Plaintiff’s book accounts admitted in evidence showed an account against John Harrah commencing February 14, 1947 with an item of $842.40 for carpet, etc., which was paid March 7, 1947; an item of April 26, 1947 in the sum of $22 for Venetian blinds; an item of credit on July 31, 1947 of $22.50 for the return of one of two lamps which had been purchased for cash for $44.50. The testimony shows that all of these items were ordered by defendant John Harrah personally. The account then shows on March 25, 1948 the purchase (also by Mr. Harrah) of two card tables for $7.90, which left the account with a credit balance of $14.60. Next appeal-charges on June 21, 1948 of a boy’s bicycle for $42.95 and poultry shears $3.75, aggregating $46.70, which, after applying the credit balance of $14.60, left a debit balance of $32.10. The bicycle and poultry shears were purchased by Mrs.
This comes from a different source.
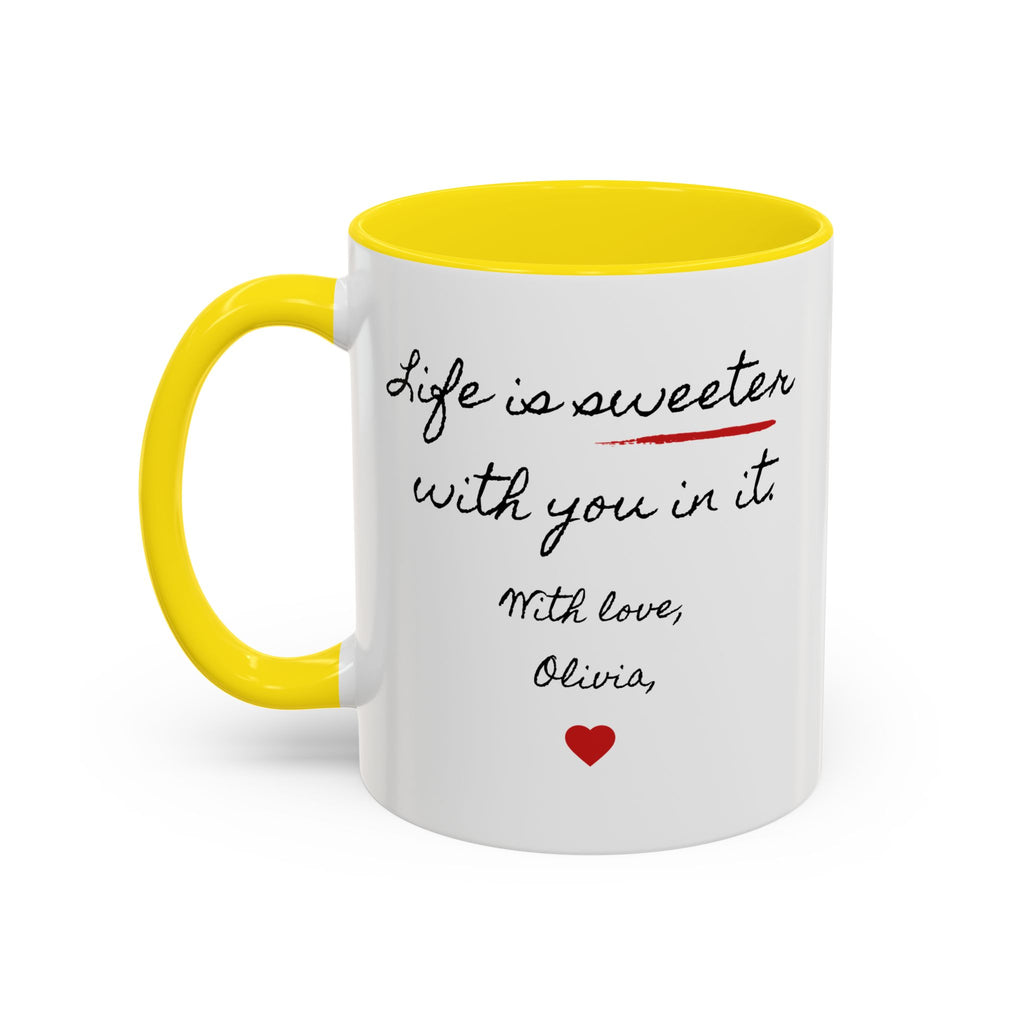 Copy of Personalized Heart Coffee Mug — "[Name], you’re the woman who makes my heart smile" (Accent 11/15oz)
Harrah and charged to John Harrah’s account. This balance he paid on July 10,1948 on receipt of what he states was an unitemized statement of balance due and which he paid thinking that it was for items that he himself had ordered. Witnesses for the plaintiff testified that the $32.10 paid by Harrah was upon an itemized bill, and the jury apparently accepted that testimony. The account next shows purchases on August 27 and September 15, 1948 of numerous items of luggage amounting to $820.75 by Mrs. Harrah, and these items comprise the ones in dispute.

John Harrah and Gloria Harrah were married May 23, 1948. Apparently her divorce from a former husband had not at that time become final and the parties were again married July 7, 1948. They separated September 20, 1948, the day that the major group of items, aggregating $620, was purchased by Mrs. Harrah. Mr. Harrah filed a complaint for divorce against her on September *117 21, 1948 and decree of divorce was entered November 29, 1948.
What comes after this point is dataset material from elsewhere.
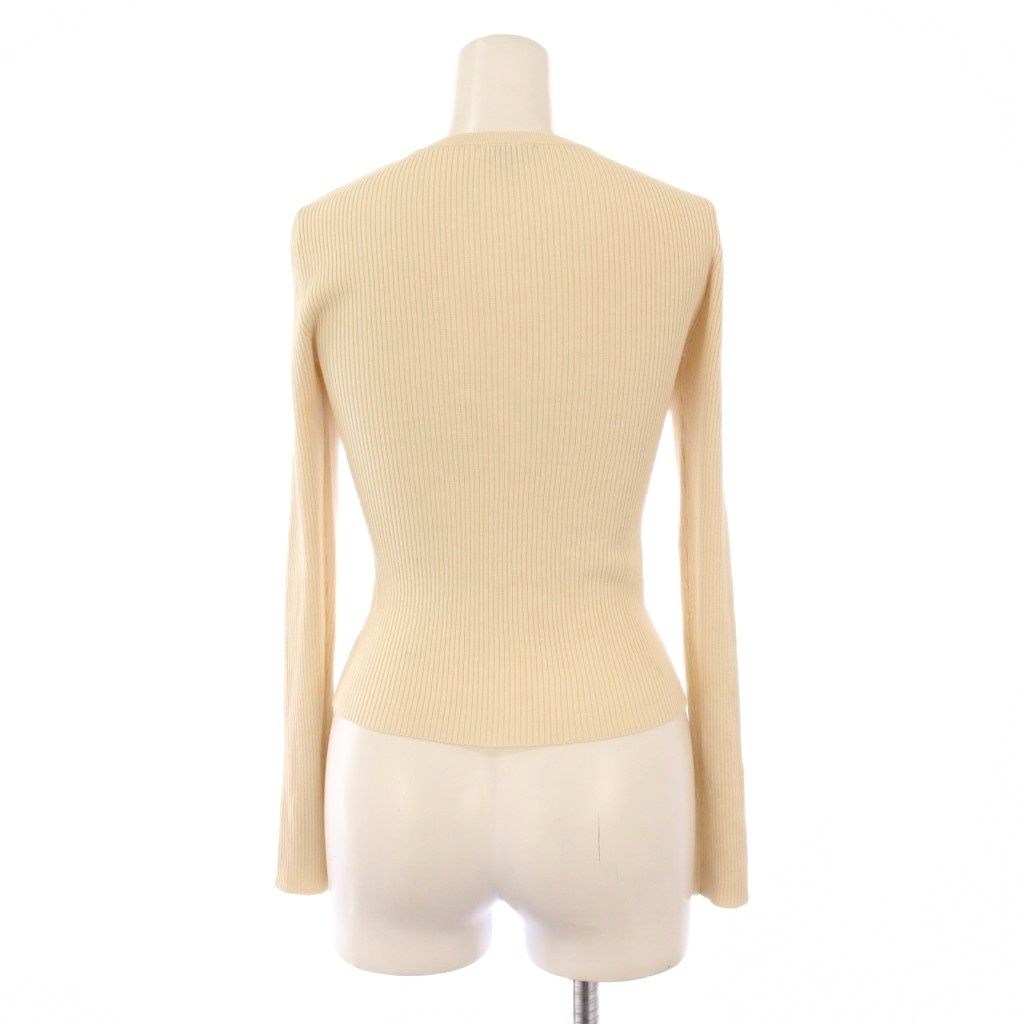 【TOCCA⭐︎トッカ】シルクリブカーディガン アイボリー XS トッカ TOCCA ニットカーディガン リブ 長袖 クルーネック ストレッチ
The payment made by the defendant on July 10, 1948 of the items purchased by Mrs. Harrah and charged to his account in June, 1948 is relied upon as the creation of an ostensible agency establishing his liability for her purchases in his name in September of that year.
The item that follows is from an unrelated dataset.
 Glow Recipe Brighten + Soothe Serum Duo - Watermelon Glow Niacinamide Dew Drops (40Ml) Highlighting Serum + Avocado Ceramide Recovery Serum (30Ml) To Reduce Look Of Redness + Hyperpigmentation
Appellant concedes that agency may be implied from a prior course of dealing, but insists that his payment of one bill does not establish a course. (One of the definitions of “course” appearing in the 1948 edition of Webster’s International Dictionary is “a succession of acts or practices as, a course of conduct.”) Respondent contends that ostensible authority may be conferred by the recognition of a single similar act of the agent if sufficiently unequivocal. It cites 1 Cal.Jur. 742, par. 42, to the.following effect: “Where the third person relies upon an ostensible agency, he must give evidence of similar transactions in which the act of the agent was authorized or recognized; or, more accurately, since an ostensible authority may be conferred by the recognition of a single act of the agent if sufficiently unequivocal, the third person must show at least one specific instance in which a similar act of the alleged agent was authorized or recognized.”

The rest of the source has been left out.